Als wir unsere Reise nach Las Vegas planten, stand es schnell fest, dass wir trotz der Kürze des Aufenthaltes nicht nur die Stadt, die Casinos und die Shopping Malls sehen wollten. Sondern auch so viel wie möglich von der traumhaft schönen Landschaft, die die Stadt im Tal umgibt.
Vom Ausflug ins Valley of Fire habe ich schon berichtet. Und trotz meiner vielen USA-Urlaube hatte ich es bis dahin noch nie zum Grand Canyon geschafft. Jeder, mit dem ich darüber sprach, war absolut begeistert. Es wurde also Zeit!
Wahrscheinlich wirkt kaum ein anderes Naturwunder dieser Erde beeindruckender auf den Betrachter als der 450 km lange Grand Canyon. Seine immense Größe relativiert jedes bekannt geglaubte Gefühl für Dimensionen.
Es gibt drei Punkte, die man für den Besuch des Grand Canyon National Parks in Arizona ansteuern kann. Der bekannteste ganzjährig zugängliche Punkt ist der South Rim, der pro Jahr von 90% der 5 Millionen Besucher besucht wird. Von dort hat man den imposantesten Blick auf den 1,6 km tiefen Canyon. Von Las Vegas aus wären in unserem Fall die 450 km (6 Stunden eine Strecke) als Tagesausflug nicht machbar gewesen.
Der North Rim, sehr beliebt für Hikes und Wanderungen ist schwer zugänglich und im Winter geschlossen. Er liegt nochmal 350 Meter höher als der South Rim und dort liegt im Winter reichlich Schnee.
Für einen Tagesausflug von Las Vegas aus (unsere Fahrzeit betrug ca. 2 1/2 Std.) bietet sich deshalb der 200 km entfernte Grand Canyon West an. Dort wurde 2007 der mehr als dreißig Millionen Dollar teure spektakuläre Grand Canyon Skywalk auf dem Land der Hualapai Indianer gebaut.
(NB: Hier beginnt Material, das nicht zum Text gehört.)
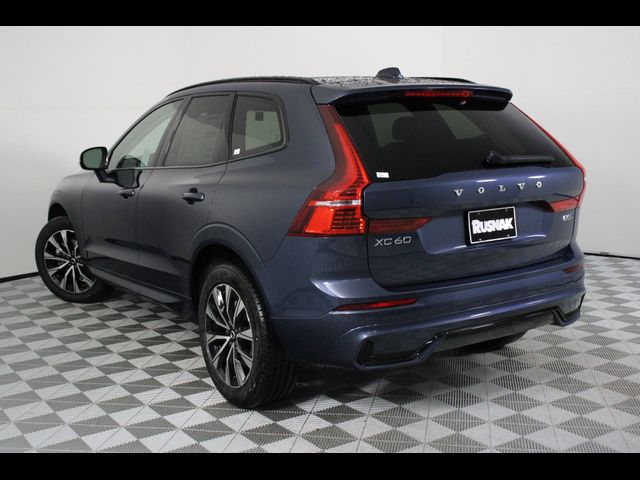 2025 Volvo XC60 Core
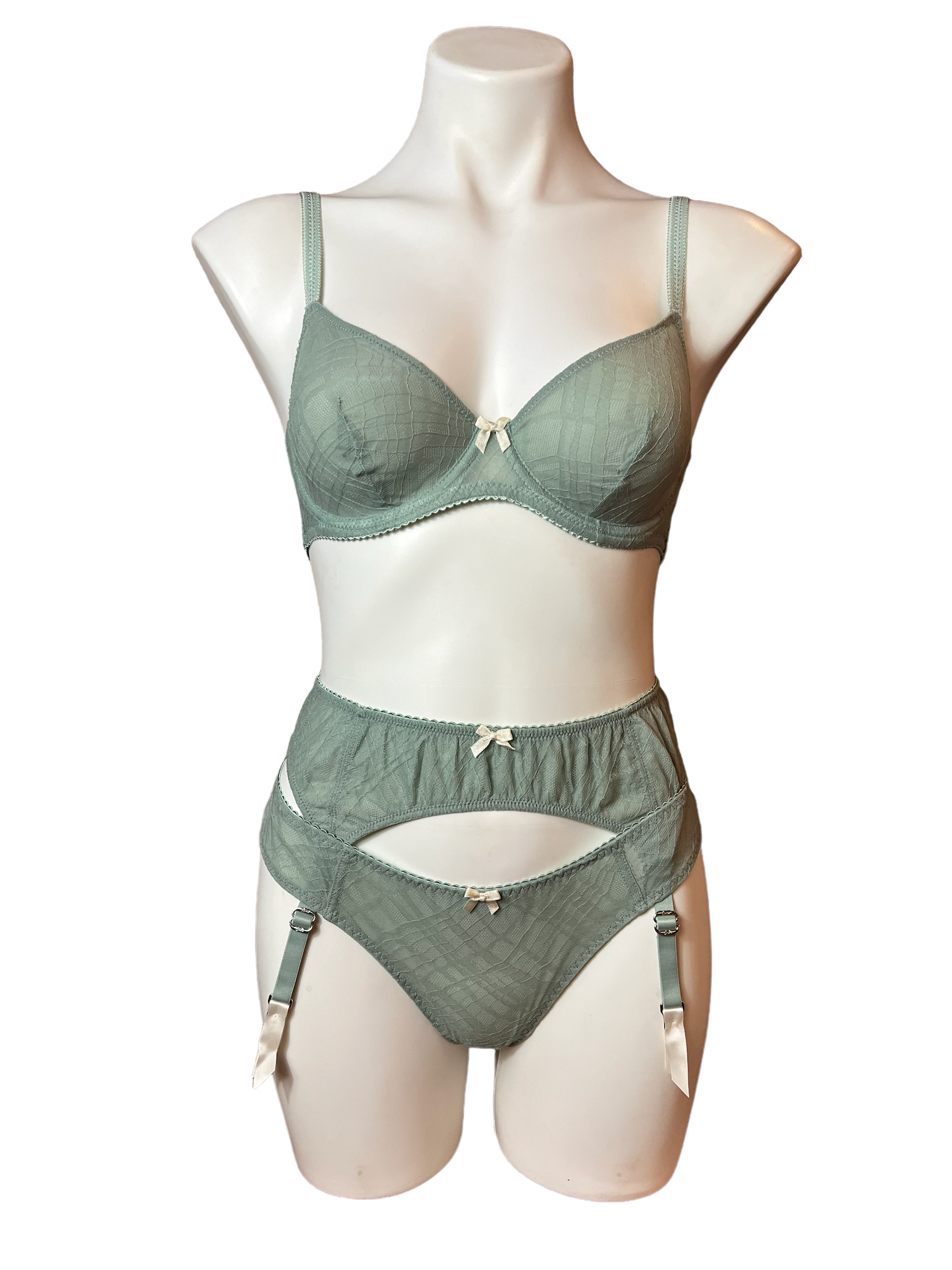 7AD67749-754B-44AC-ABC2-70AEAD4EC4A1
Verwaltet wird er von einer Kooperation, an der auch die Indianer beteiligt sind.
Wir fuhren bequem morgens gegen 8 Uhr los und verspeisten unser im Zimmerpreis enthaltenes Starbucks-Frühstück to go im Auto. Die Fahrt führte uns auf dem Highway 93 über die Hoover Dam Bypass Brücke am Lake Mead vorbei. Leider konnten wir aus Zeitmangel keinen Schlenker zum See machen, oder zum Hoover Dam.
Vor lauter Gequatsche im Auto verpassten wir die Einfahrt zur Diamond Bar Road , das merkten wir zum Glück bereits, nachdem wir erst 5 Meilen weiter waren. Also zurück und dann links abgebogen in das Indianerreservat.
Ein wenig deprimierend, die Wohnhäuser in dieser Wüstengegend. Am Straßenrand lag eine tote Kuh, einfach so, gruselig. Die lag leider abends auf unserer Rückfahrt immer noch da.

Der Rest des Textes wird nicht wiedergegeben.